[Stored items from a collection]
=====

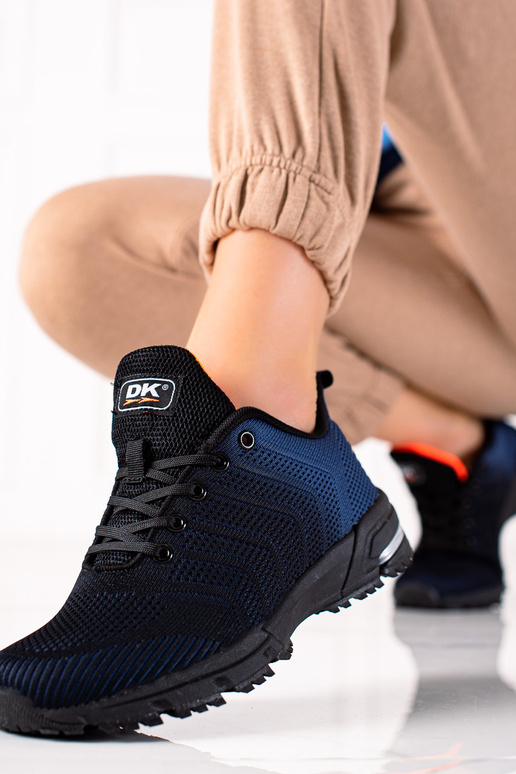 Sporta stila apavi  Melnas krāsas Dk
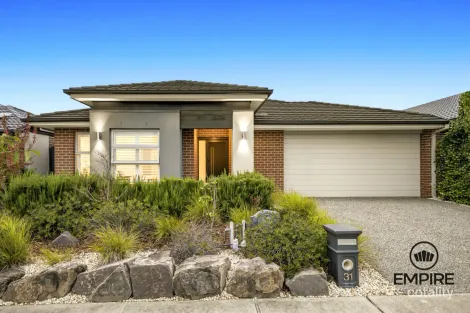 Property photo of 31 Kershope View Clyde North VIC 3978
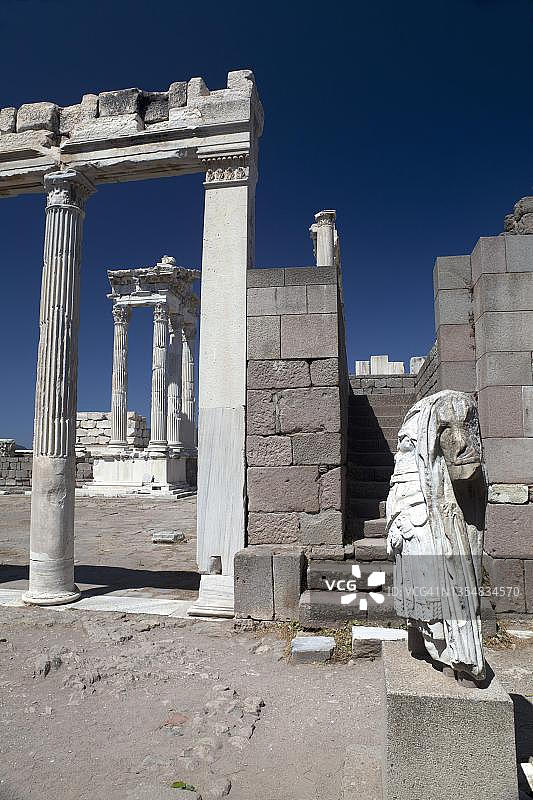 土耳其伊兹密尔省贝尔加马图拉真神庙图片素材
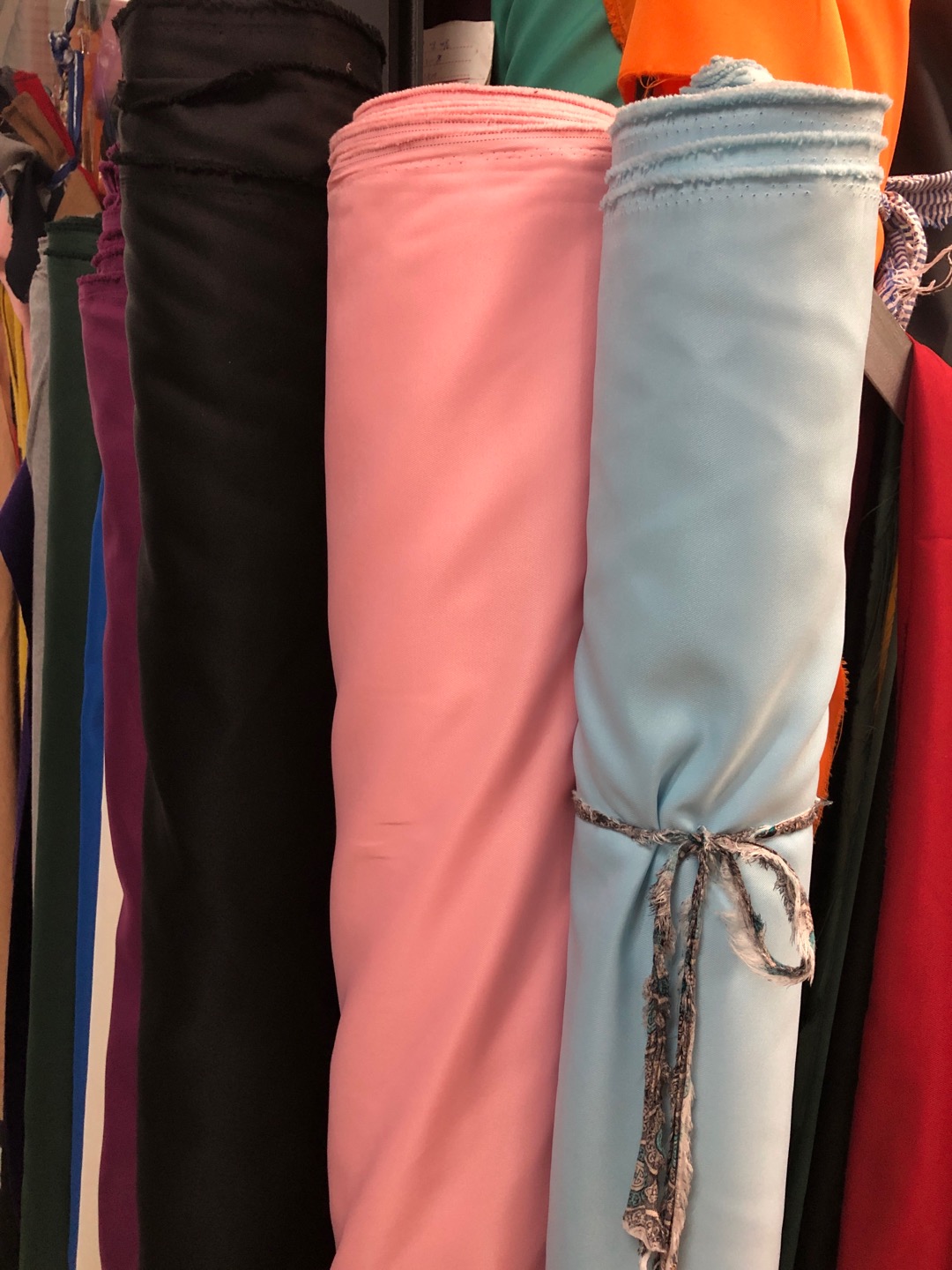 High Temperature Dyeing Color Clear Plain Uniform Fabric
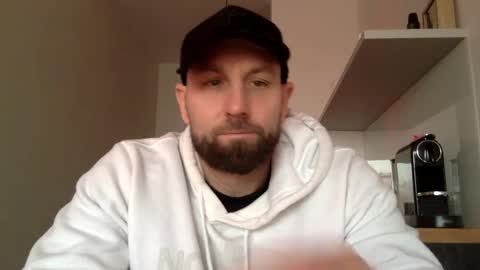 Snapshot of tommyx01 chatting on February 11, 2025, 6:51 am Thomas Fit online show from February 11, 2025, 6:51 am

=====

HOW TO COMPLETE THIS TASK:
Take the line containing "土耳其伊兹密尔省贝尔加马图拉真神庙图片素材" as the first and the last line of the records as the end. Print every line in that span exactly, leaving out pictures.

TASK OUTPUT:
 土耳其伊兹密尔省贝尔加马图拉真神庙图片素材
 High Temperature Dyeing Color Clear Plain Uniform Fabric
 Snapshot of tommyx01 chatting on February 11, 2025, 6:51 am Thomas Fit online show from February 11, 2025, 6:51 am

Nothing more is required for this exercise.